§ YOUR TASK
Look in the data below for the line that has "Used 2016 Jeep Cherokee Sport FWD image 12", then print exactly every line from there through the line that has "Temple, TX 76502", leaving pictures out.

SUPPLIED RECORDS below:

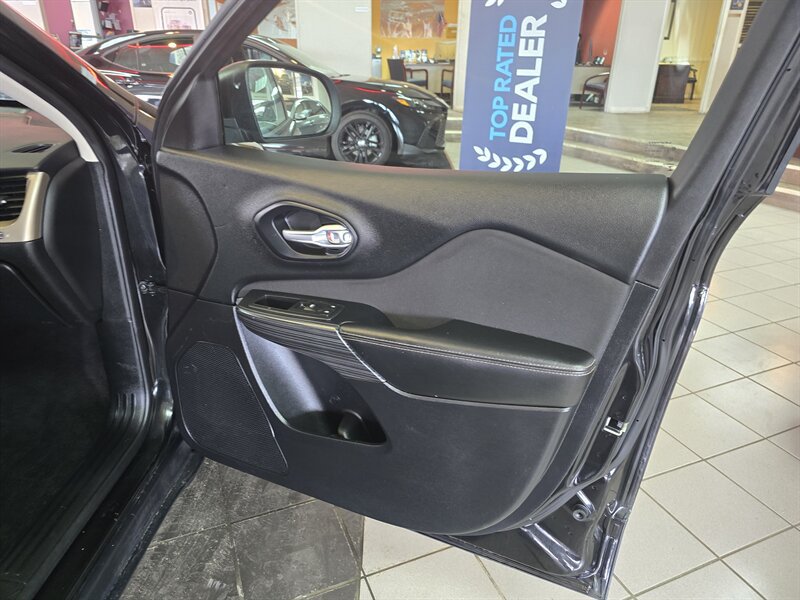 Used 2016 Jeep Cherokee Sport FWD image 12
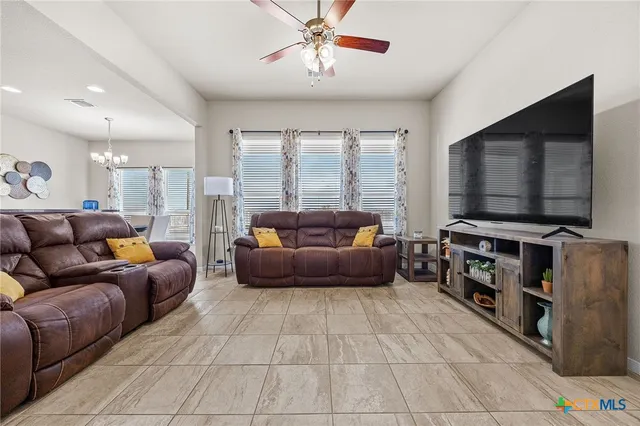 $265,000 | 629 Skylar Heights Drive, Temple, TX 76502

End of SUPPLIED RECORDS.
SUPPLIED RECORDS below:

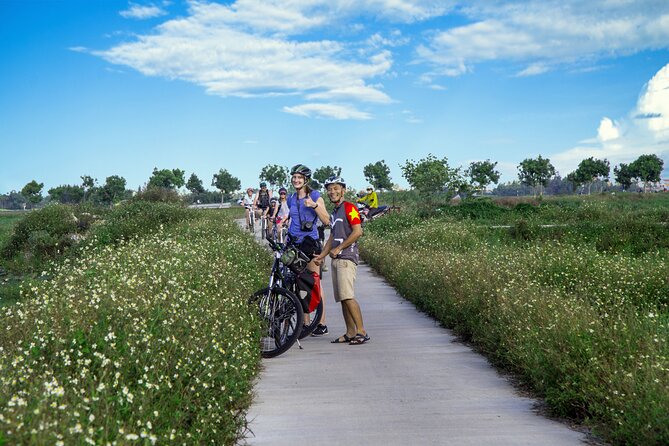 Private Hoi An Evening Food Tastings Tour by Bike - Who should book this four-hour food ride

End of SUPPLIED RECORDS.
SUPPLIED RECORDS below:

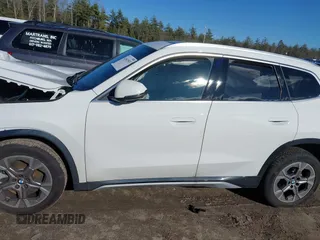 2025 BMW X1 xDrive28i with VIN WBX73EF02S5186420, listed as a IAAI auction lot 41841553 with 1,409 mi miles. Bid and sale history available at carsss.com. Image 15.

End of SUPPLIED RECORDS.

§ EXERCISE RESULT
 Used 2016 Jeep Cherokee Sport FWD image 12
 $265,000 | 629 Skylar Heights Drive, Temple, TX 76502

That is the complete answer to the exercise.